Craig is essentially correct. However, the solution is certainly not to automate the tasks as Craig seems to imply, but rather to kill the idiotic regulations (and I am sure Craig would agree).

Nonetheless, let's ponder the automation aspect.

Specifically, please consider economically destructive ideas such as price controls in Argentina or massive taxes coupled with incomprehensible tax rules in Italy.

Let's further assume that price controls in Argentina and tax collection in Italy could suddenly be automated with 100% enforcement at zero percent cost. Would you do it?

On the plus side, you would get rid of a bunch of bureaucrats, many of them taking bribes to look the other way when the time comes.

On the minus side, if those tasks could be fully automated with high levels of compliance, then Italy would collapse under tax burdens, and black markets would take over the economy in Argentina as shortages of goods at official prices skyrocketed. 

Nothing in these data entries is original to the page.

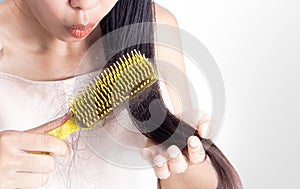 A woman is combing hair and hair loss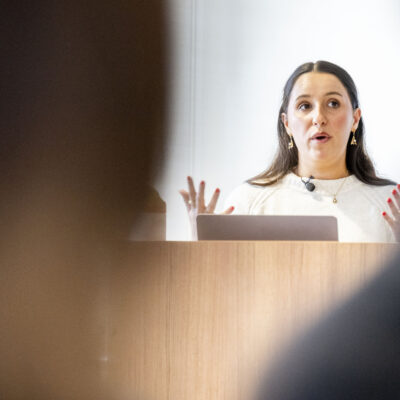 03/16/26 - BOSTON, MA. - Melina Coy, a fifth-year student majoring in business administration and politics, presents a digital exhibit that uses her great-grandfather Ralph Ettelson’s story to explore Holocaust history and Jewish life in the places he lived and immigrated through: Vilkaviškis, Lithuania, the Dominican Republic, and New York City, during the Holocaust Legacy Foundation Gideon Klein Scholar Presentation in Renaissance Park 909 on March 16, 2026. Photo by Matthew Modoono/Northeastern University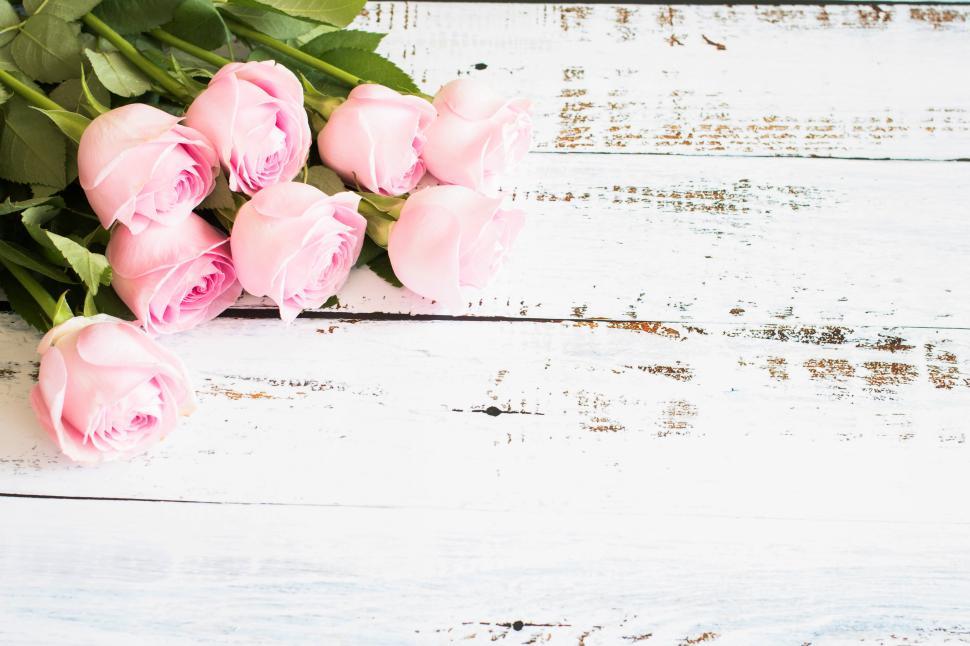 Free Image of Elegant pink roses arranged on a rustic wooden surface 
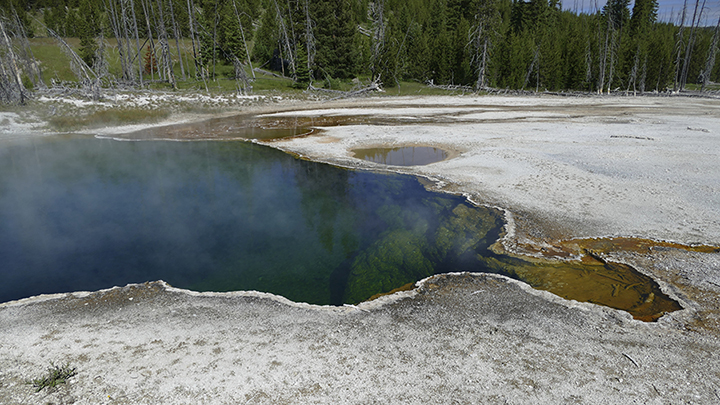 In this photo provided by the National Park Service is the Abyss Pool hot spring in the southern pa...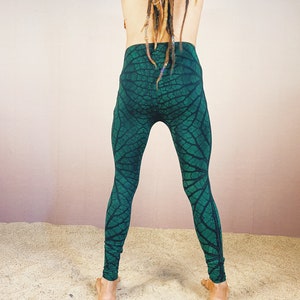 May include: Green leggings with a leaf pattern.
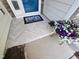 Cozy front entrance featuring stylish tile flooring and a vibrant flower arrangement, enhancing curb appeal at 1309 Bartlett Cir, Hillsborough, NC 27278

Indeed, many regulations are so bad that the combination of inefficient bureaucrats, bribery, and evasion is a better choice than automation (assuming of course, that automation would actually work as bureaucrats intended).

In such instances, full automation with zero percent efficiency and zero cost would be perfect. In the real world, zero percent efficiency out of a government implementation is certainly conceivable. Unfortunately, zero cost isn't.

However, if costs are low enough, and efficiency low enough, then automation would be a better choice than the status quo.

Addendum:

Here is an email from reader Micael that describes the problem nicely.
The big problem with unemployment is all the regulations in the labor market preventing the market to quickly adapt to changes.

Examples

  1. Welfare systems encourage the unemployed to stay unemployed instead of taking a minimum wage job
  2. Welfare systems tend to keep people employed in dying segments of job markets
  3. Wage regulations
  4. Labor union induced regulations
  5. School systems not geared toward market demands 
  6. Wages are generally stiff on the downside
  7. Regulations preventing entrepreneurs from creating new jobs
  8. Tax policy is a drain on productive sectors of the economy

Government and Fed policies accelerated the flight of jobs overseas, and now accelerate (by cheap money) the use of robots. Robotic disruption would have happened anyway, but policies have accelerated the pace.

Meanwhile, efforts by the Fed to induce price inflation put a huge squeeze on fixed incomes recipients as well as the unemployed.